ABOUT THIS TASK:
Starting at the line containing "Aside from the" and ending at the line containing "Our decoupling is", print every line of the material below exactly, both ends included, and stop there.

DATASET EXCERPTS:
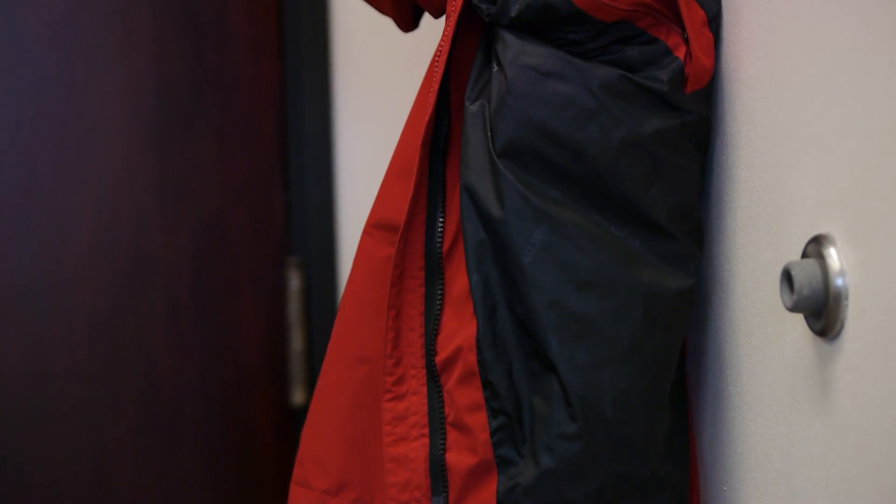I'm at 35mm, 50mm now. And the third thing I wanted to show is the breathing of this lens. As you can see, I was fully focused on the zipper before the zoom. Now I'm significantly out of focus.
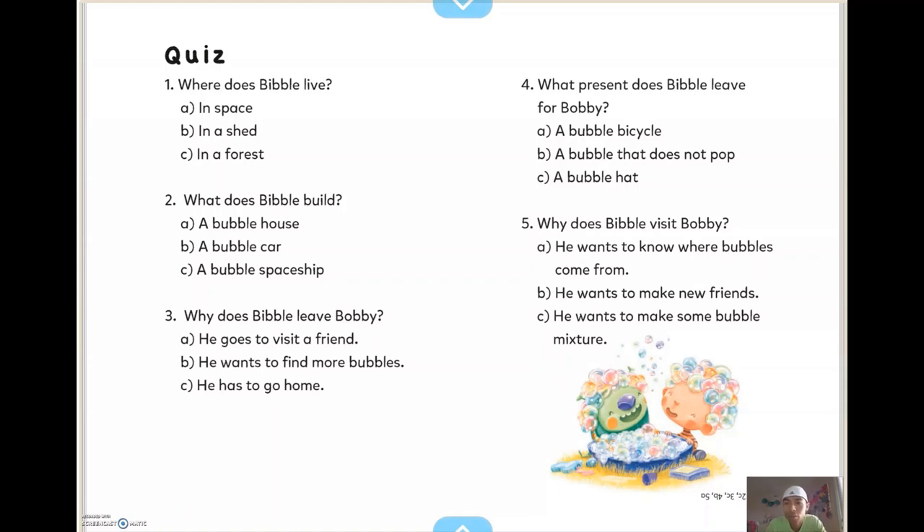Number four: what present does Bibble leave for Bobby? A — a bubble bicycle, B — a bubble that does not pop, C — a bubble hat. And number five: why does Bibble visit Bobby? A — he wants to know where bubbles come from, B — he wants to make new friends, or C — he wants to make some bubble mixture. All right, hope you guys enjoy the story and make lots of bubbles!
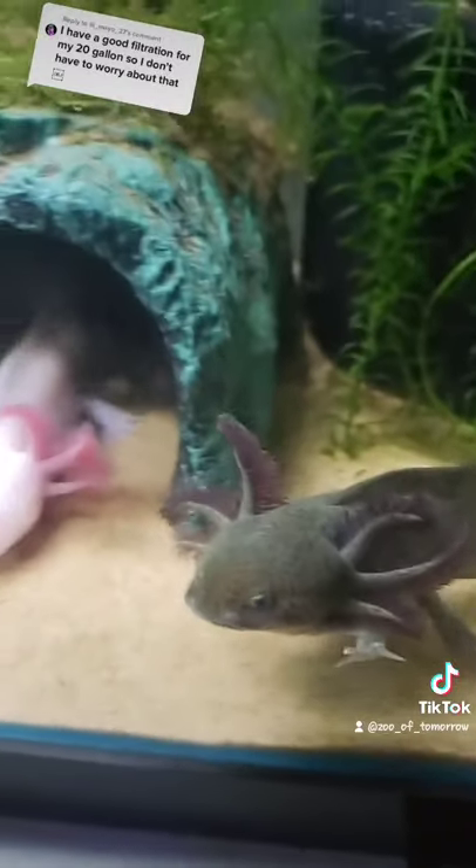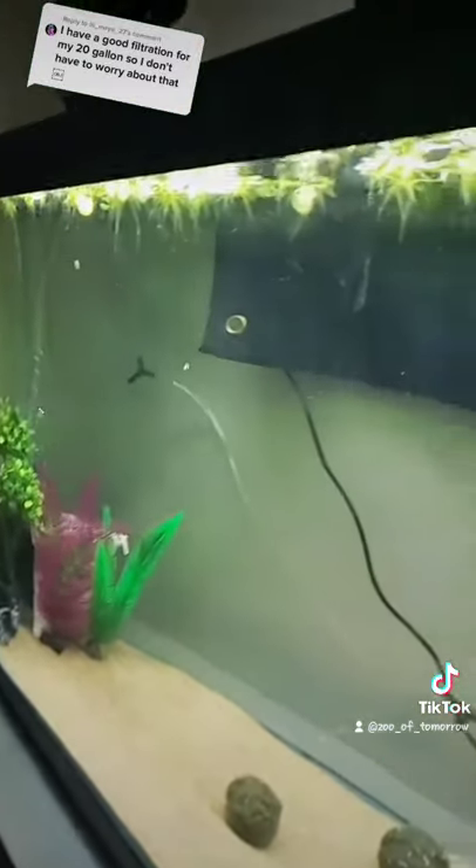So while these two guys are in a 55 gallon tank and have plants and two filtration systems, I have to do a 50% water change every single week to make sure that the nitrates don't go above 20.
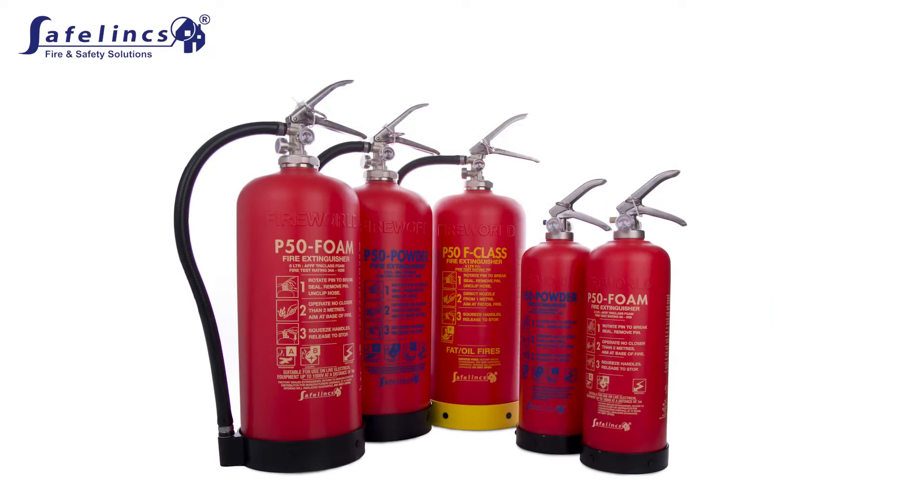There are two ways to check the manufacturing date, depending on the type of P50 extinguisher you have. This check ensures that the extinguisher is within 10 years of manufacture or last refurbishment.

...

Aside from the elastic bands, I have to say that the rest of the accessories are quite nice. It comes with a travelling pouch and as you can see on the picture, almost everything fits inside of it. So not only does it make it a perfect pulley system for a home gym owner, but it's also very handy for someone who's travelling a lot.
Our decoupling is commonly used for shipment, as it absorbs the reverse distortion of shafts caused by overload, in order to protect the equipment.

---

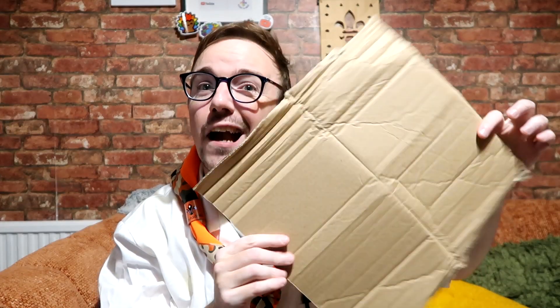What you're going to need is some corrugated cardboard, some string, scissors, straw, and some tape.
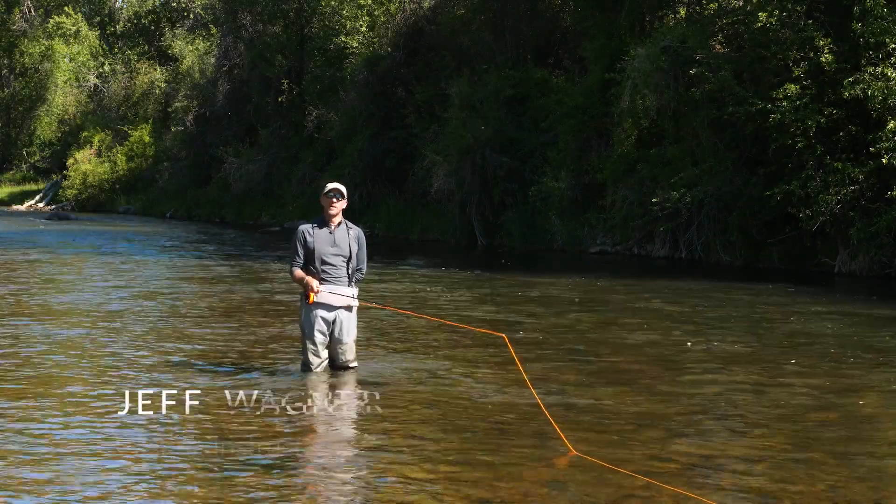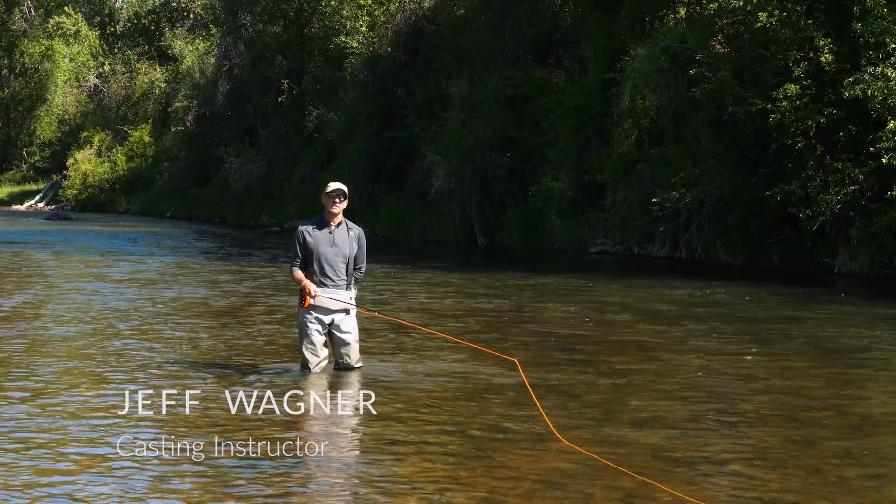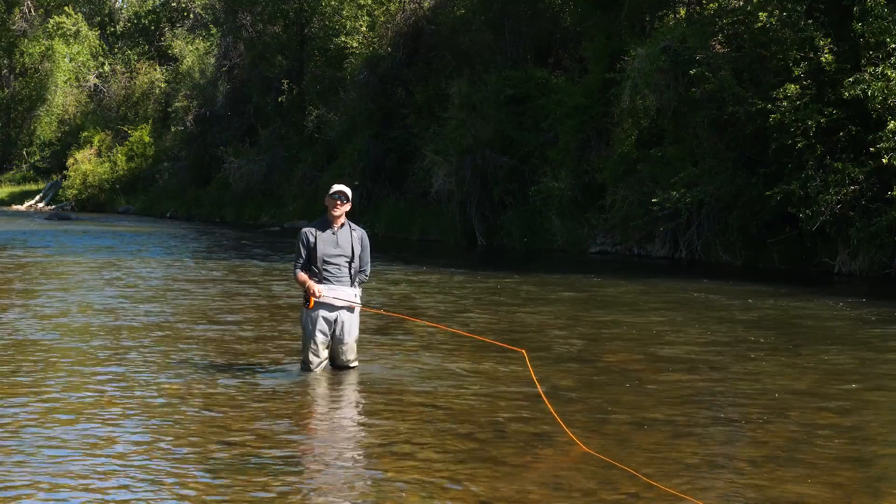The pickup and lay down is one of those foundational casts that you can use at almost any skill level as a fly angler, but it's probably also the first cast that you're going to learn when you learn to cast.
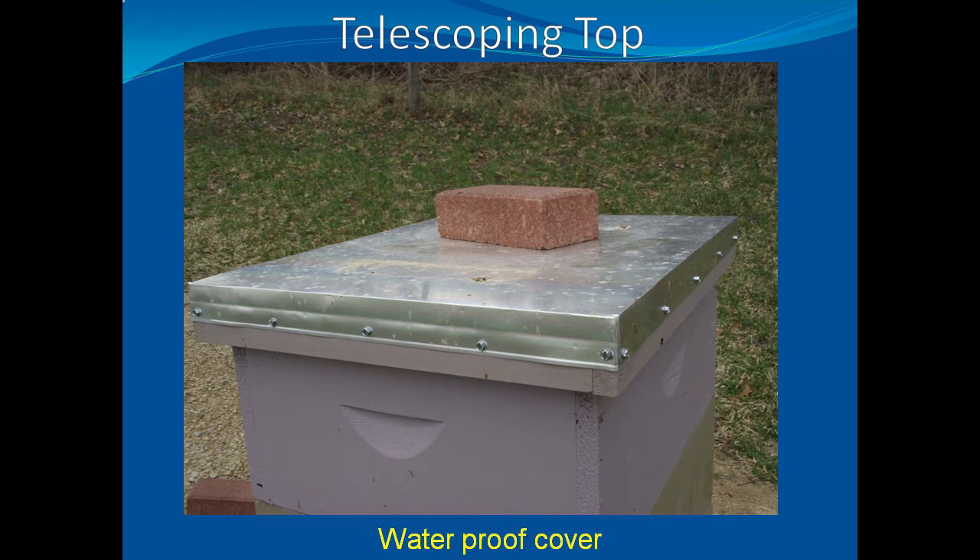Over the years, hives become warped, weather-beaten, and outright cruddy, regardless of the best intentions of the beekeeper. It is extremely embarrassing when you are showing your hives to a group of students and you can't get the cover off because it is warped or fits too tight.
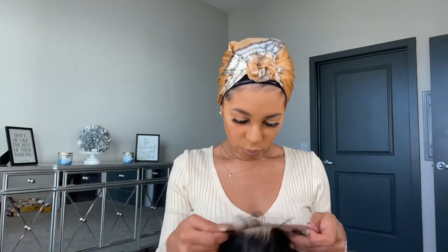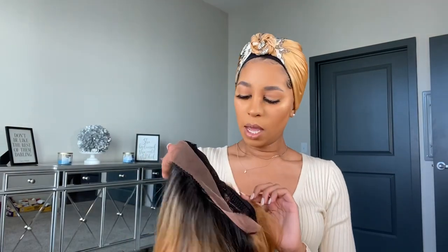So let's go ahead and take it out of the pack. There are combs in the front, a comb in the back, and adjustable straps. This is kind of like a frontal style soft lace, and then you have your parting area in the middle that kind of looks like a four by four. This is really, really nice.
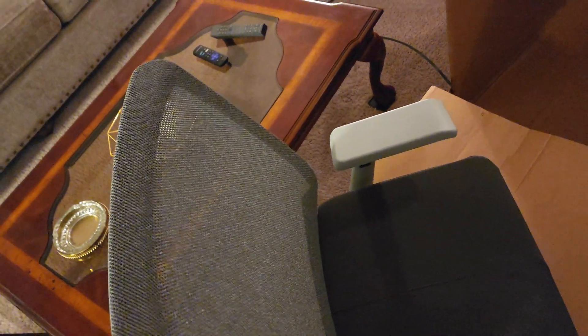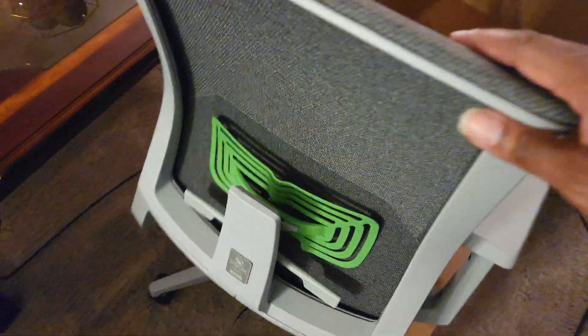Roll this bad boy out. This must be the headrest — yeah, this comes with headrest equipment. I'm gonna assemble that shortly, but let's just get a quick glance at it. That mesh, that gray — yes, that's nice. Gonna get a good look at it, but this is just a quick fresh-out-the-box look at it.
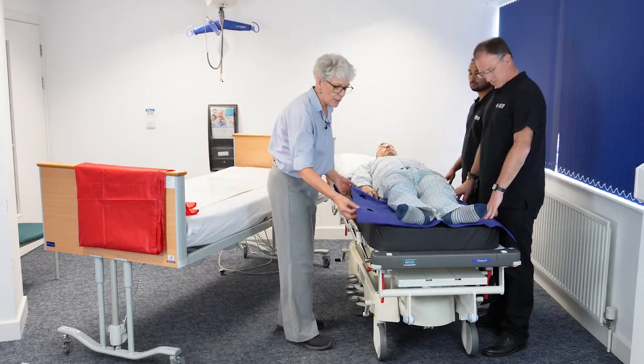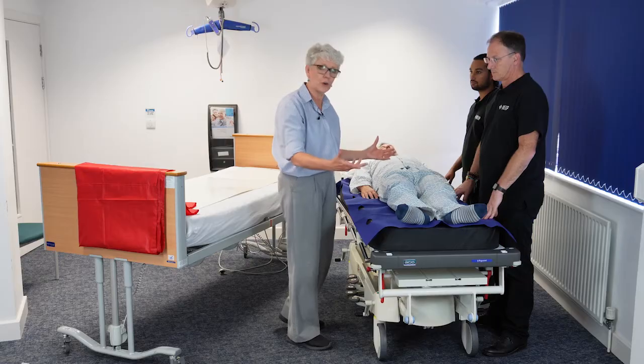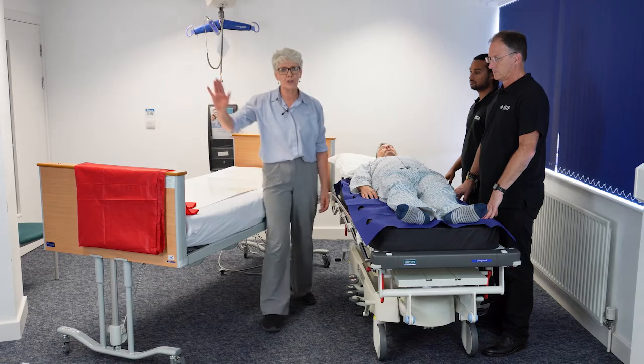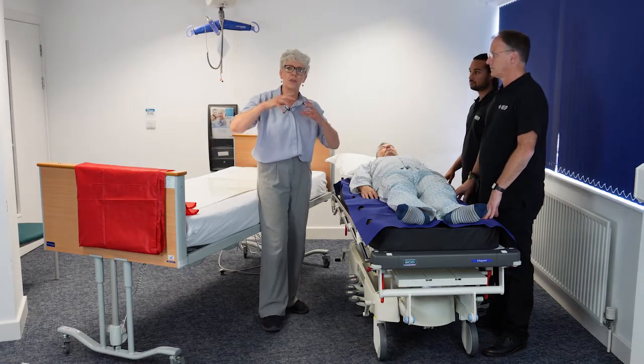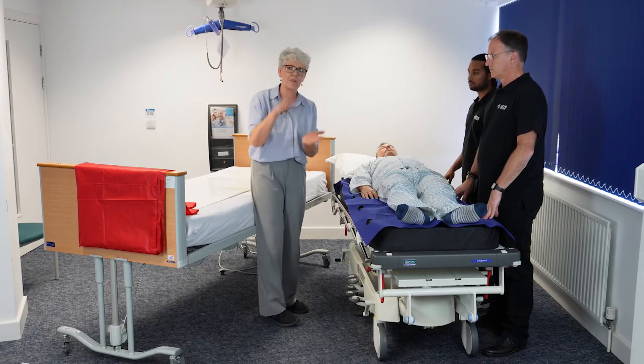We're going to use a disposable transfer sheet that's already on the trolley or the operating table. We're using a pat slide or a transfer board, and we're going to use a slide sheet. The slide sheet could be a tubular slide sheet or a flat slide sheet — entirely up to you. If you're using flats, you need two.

EXERCISE SOLUTION:
Aside from the elastic bands, I have to say that the rest of the accessories are quite nice. It comes with a travelling pouch and as you can see on the picture, almost everything fits inside of it. So not only does it make it a perfect pulley system for a home gym owner, but it's also very handy for someone who's travelling a lot.
Our decoupling is commonly used for shipment, as it absorbs the reverse distortion of shafts caused by overload, in order to protect the equipment.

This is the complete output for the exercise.